Dilated cardiomyopathy (DCM) is a severe disease of heart muscle characterized by progressive ventricular dilation and impaired systolic function and is a major cause of congestive heart failure. Mutations of the Lamin A/C gene (LMNA) have been identified in ~8% of all DCM patients. Of the subset of inherited DCM patients with accompanying conduction disease, LMNA mutations are present in 40-50% of cases.
Emery-Dreifuss Muscular Dystrophy (EDMD) is characterized by early contractures of the elbows and Achilles tendons, slowly progressive muscle wasting and weakness, and late onset cardiomyopathy and arrhythmia.

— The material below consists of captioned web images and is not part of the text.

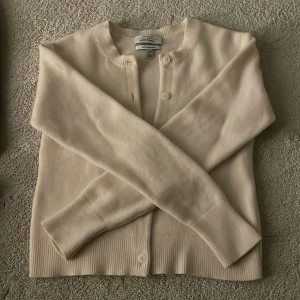 Vit kofta  - Säljer en superfin vit kofta från other storys i mycket bra skick. Den är gjord av mjukt material och har knappar framtill. Perfekt för höst och vår, och den är långärmad med ribbat material längst ner. Ser ut som ny. Inga täcken på nopprig och är så mjuk därav inte använda så mycket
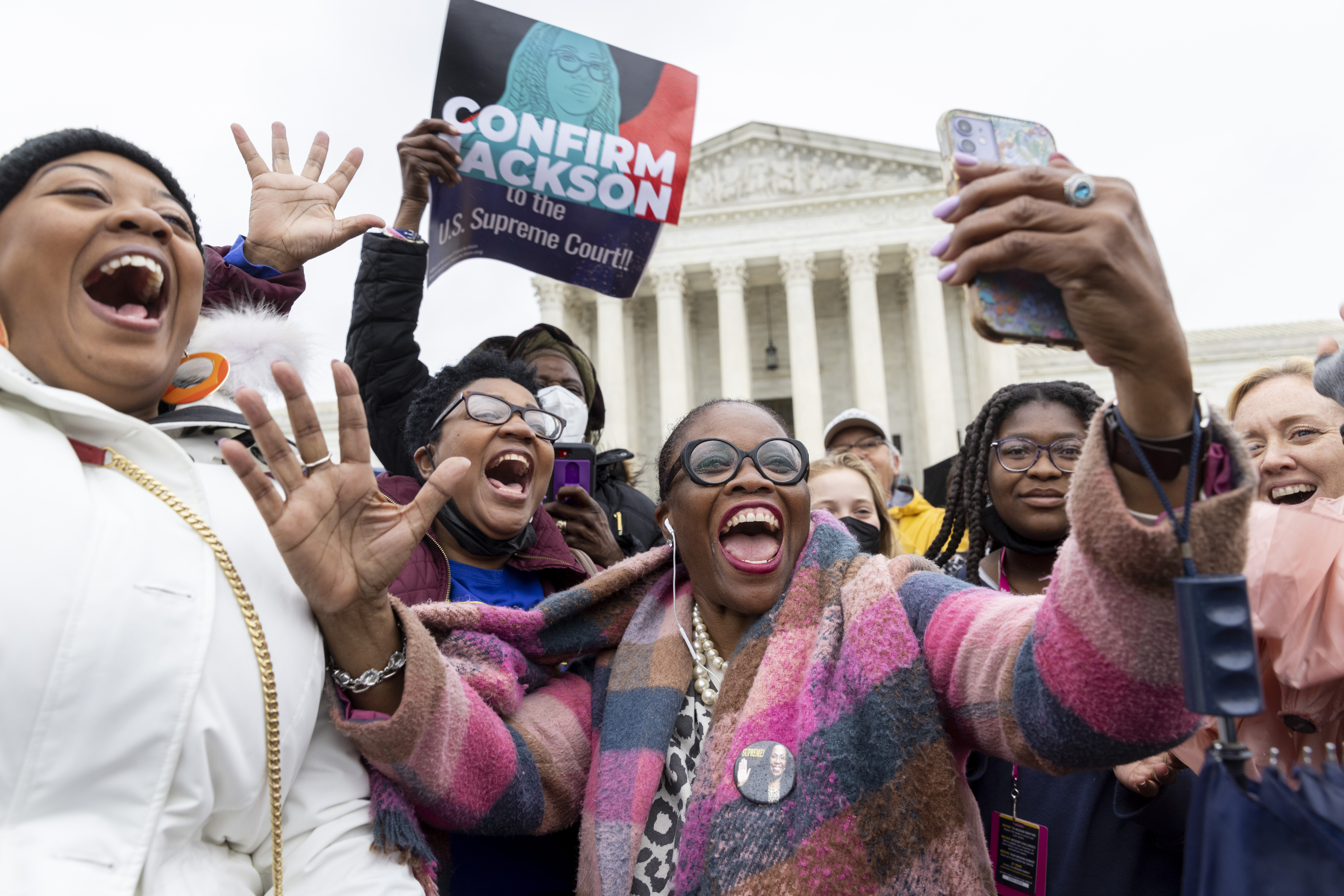 From left to right: Nicole Tinson from L.A., Teresa Roberts, from Shannon, Mississippi, Sheila Carson, from D.C. and Regina Langley, middle, from New Jersey. Langley was holding a cell phone watching the Senate voting on the conformation of Ketanji Brown Jackson to the Supreme Court. Full story here.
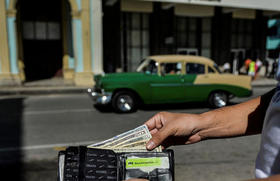 Un hombre muestra su billetera con dólares estadounidenses en una calle de La Habana, el 15 de septiembre de 2020
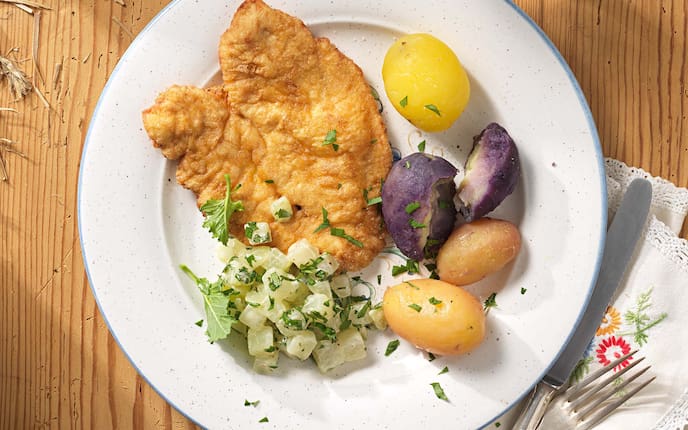 Hühnerschnitzel Pariser Art mit bunten Erdäpfeln und Kohlrabi, Gedeck, Kräuter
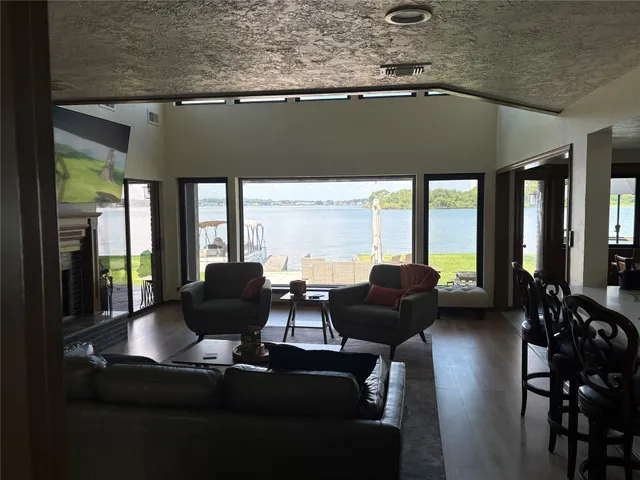 a living room with furniture and large windows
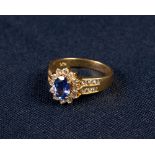 18ct GOLD TANZANITE AND DIAMOND CLUSTER RING, set with an oval tantanzite of medium deep bluish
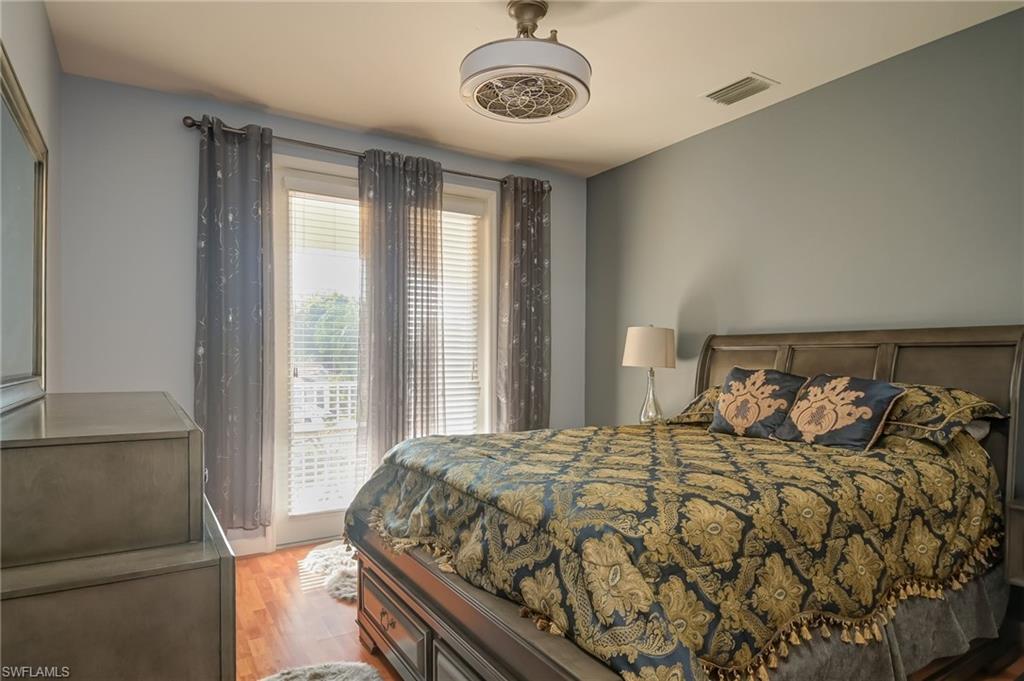 Bedroom with light wood-style floors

EDMD can be either X-linked or autosomal dominant in inheritance, and the vast majority of autosomal dominant cases are due to mutations in the LMNA gene.
One form of Limb Girdle Muscular Dystrophies (LGMD), LGMD1B is autosomal dominant with slowly progressive limb girdle muscular dystrophy, age-related atrioventricular cardiac conduction disturbances, and the absence of early contractures. Mutations of the LMNA gene are the basis of LGMD1B.

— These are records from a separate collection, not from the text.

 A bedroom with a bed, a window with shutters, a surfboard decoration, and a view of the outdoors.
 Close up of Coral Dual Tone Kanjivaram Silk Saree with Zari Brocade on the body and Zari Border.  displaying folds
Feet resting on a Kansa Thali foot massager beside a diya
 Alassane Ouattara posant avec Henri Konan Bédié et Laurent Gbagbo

Hutchinson-Gilford progeria syndrome (HGPS) is a rare genetic disorder that causes clinical features in childhood that are associated with premature aging. Such features may include hair loss, growth retardation, joint degeneration, and atherosclerosis. A vast majority of patients with HGPS have a LMNA G608G mutation, but other mutations in LMNA have been reported.

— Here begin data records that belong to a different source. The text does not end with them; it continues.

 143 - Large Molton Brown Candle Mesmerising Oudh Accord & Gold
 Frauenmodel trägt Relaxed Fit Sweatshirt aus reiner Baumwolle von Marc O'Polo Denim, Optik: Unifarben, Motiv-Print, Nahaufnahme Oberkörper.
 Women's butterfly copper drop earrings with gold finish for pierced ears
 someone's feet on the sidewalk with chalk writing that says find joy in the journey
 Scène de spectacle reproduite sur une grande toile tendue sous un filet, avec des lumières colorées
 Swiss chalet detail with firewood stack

Mandibuloacral dysplasia (MAD) is a rare autosomal recessive disorder caused by LMNA mutations, which results in post-natal growth retardation, craniofacial and skeletal anomalies, and mottled cutaneous pigmentation.
Charcot-Marie-Tooth type 2B1 is an axonal autosomal recessive laminopathy and neuropathy, characterized predominantly by symmetrical distal muscle weakness and atrophy. Individuals initially present with depressed or absent tendon reflexes with weakness of foot dorsiflexion at the ankle.
Familial partial lipodystrophy (FLPD), Dunnigan type, is an autosomal dominant disease caused by mutations in LMNA and characterized by the progressive loss of subcutaneous fat from the extremities.
Deletions and/or duplications of the LMNA gene as causative of disease have been reported.